- Born: March 3, 1955 (age 71) Philadelphia, Pennsylvania, US
- Occupation: Author
- Writing career
- Genre: speculative fiction
- Website: www.gregoryfeeley.com

= Gregory Feeley =

American teacher, critic, essayist and author

Gregory Patrick Feeley is an American teacher, critic, essayist and author of speculative fiction, active in the field since 1972. He writes as Gregory Feeley, with some of his early works appearing under the name Greg Feeley.

==Biography==
Feeley resides with his family in Connecticut, where he teaches part-time at a local community college.

==Literary career==
Feeley began writing as a critic and essays, later concentrating on fiction. His short fiction has received two Nebula Award nominations, and his first novel, The Oxygen Barons, was on the final ballot for the 1990 Philip K. Dick Award.

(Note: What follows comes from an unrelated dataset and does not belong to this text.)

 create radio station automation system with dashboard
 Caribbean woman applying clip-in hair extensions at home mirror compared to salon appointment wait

His fiction has appeared in various periodicals, including Asimov's Science Fiction, Clarkesworld, Interzone, Isaac Asimov's Science Fiction Magazine, Lightspeed, and Science Fiction Age, and the anthologies Alien Pregnant by Elvis, Alternate Outlaws, Alternate Skiffy, Alternate Tyrants, Ascents of Wonder, Best Short Novels: 2005, Beyond the Last Star: Stories from the Next Beginning, Clarkesworld Year Ten: Volume Two, Deals with the Devil, Dinosaur Fantastic, Enchanted Forests, Fantasy: The Best of the Year: 2006 Edition, The First Heroes: New Tales of the Bronze Age, Full Spectrum 4, In the Shadow of the Towers: Speculative Fiction in a Post-9/11 World, Mission Critical, Nebula Awards 33, Otherworldly Maine, The Shimmering Door, Sorceries, A Starfarer's Dozen: Stories of Things to Come, Starlight 1, Tel: Stories, Weird Tales from Shakespeare, The Year's Best Fantasy and Horror: Eighth Annual Collection, The Year's Best Science Fiction: Fourteenth Annual Collection, and The Year's Best Science Fiction & Fantasy 2017.

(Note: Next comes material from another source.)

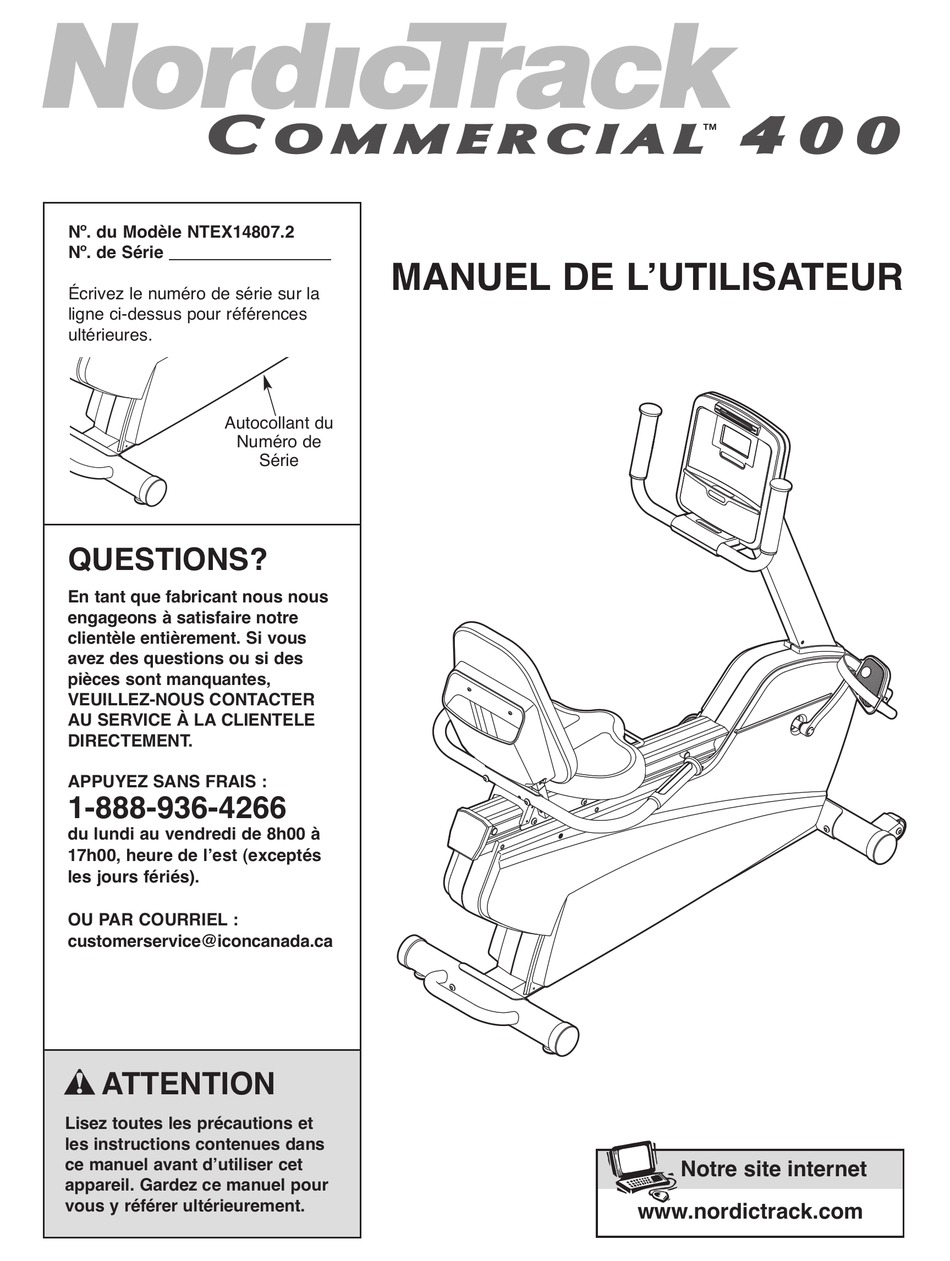 NORDICTRACK 400 BIKE MANUEL DE L'UTILISATEUR Pdf Download | ManualsLib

Feeley's essays have appeared in Absolute Magnitude, Ansible, Endzone, Foundation, Interzone, Locus, The New York Review of Science Fiction, SFWA Bulletin, Thrust, Vector, and Works of Art.

==Bibliography==
===Novels===
- The Oxygen Barons (1990)
- Arabian Wine (2005)
- Hamlet the Magician (forthcoming)

===Collections===
- Kentauros (2010)

===Short fiction===

- "The Light at the End of the Penumbra" (1977) [only as by Greg Feeley]
- "Neptune's Reach" (1986)
- "A Different Drumstick" (1988)
- "The Boulevard of Broken Domes" (1991)
- "The Mind's Place" (1993)
- "Thirteen Ways of Looking at a Dinosaur" (1993)
- "Reversals" (1993)
- "Aweary of the Sun" (1994)
- "Passion for the Souls Below" (1994)
- "Printer's Devils" (1994)
- "My Tongue in Thy Tale" (1994) (collected in Mike Resnick's alternate history anthology Alternate Outlaws)
- "In Fear of Little Nell" (1995)
- "Ursa Minor" (1995)
- "How Far To Th' End of the World?" (1995)
- "The Crab Lice" (1996)
- "The Drowning Cell" (1996)
- "The Weighing of Ayre" (1996)
- "Scatchophily" (1997)
- "On the Ice Islands" (1997)
- "The Truest Chill" (1997)
- "Animae Celestes" (1998)
- "Ladies in their Letters" (1999)
- "Spirit of the Place" (2000)
- "False Vacuum" (2002)
- "Arabian Wine" (2004)
- "Giliad" (2004)
- "Fancy Bread" (2005)
- "Awskonomuk" (2008)
- "The Bridge of Dreams" (2016)
- "Hanging Gardens" (2019)

==Awards==
The Oxygen Barons was a finalist for the 1991 Philip K. Dick Award. "Thirteen Ways of Looking at a Dinosaur" was a preliminary nominee for the 1995 Nebula Award for Best Short Story. "The Weighing of Ayre" placed third in the 1997 Theodore Sturgeon Award for Best short fiction and was a preliminary nominee for the 1998 Nebula Award for Best Novella. "On the Ice Islands" placed eighth in the 1998 Asimov's Readers' Poll for Best Novelette, and twentieth in the 1998 Locus Poll Award for Best Novelette. "The Crab Lice" was nominated for the 1998 Nebula Award for Best Short Story. "The Truest Chill" was nominated for the 1999 Nebula Award for Best Novelette. "Animae Celestes," was a finalist for the 1999 Sturgeon Award for Best Short Fiction and a preliminary nominee for the 2000 Nebula Award for Best Novelette. "Spirit of the Place" was a preliminary nominee for the 2002 Nebula Award for Best Novella. Arabian Wine placed twelfth in the 2005 Locus Poll Award for Best Novella and was a finalist for the 2005 Sturgeon Award for Best Short Fiction. "Giliad" placed eighteenth in the 2005 Locus Poll Award for Best Novella.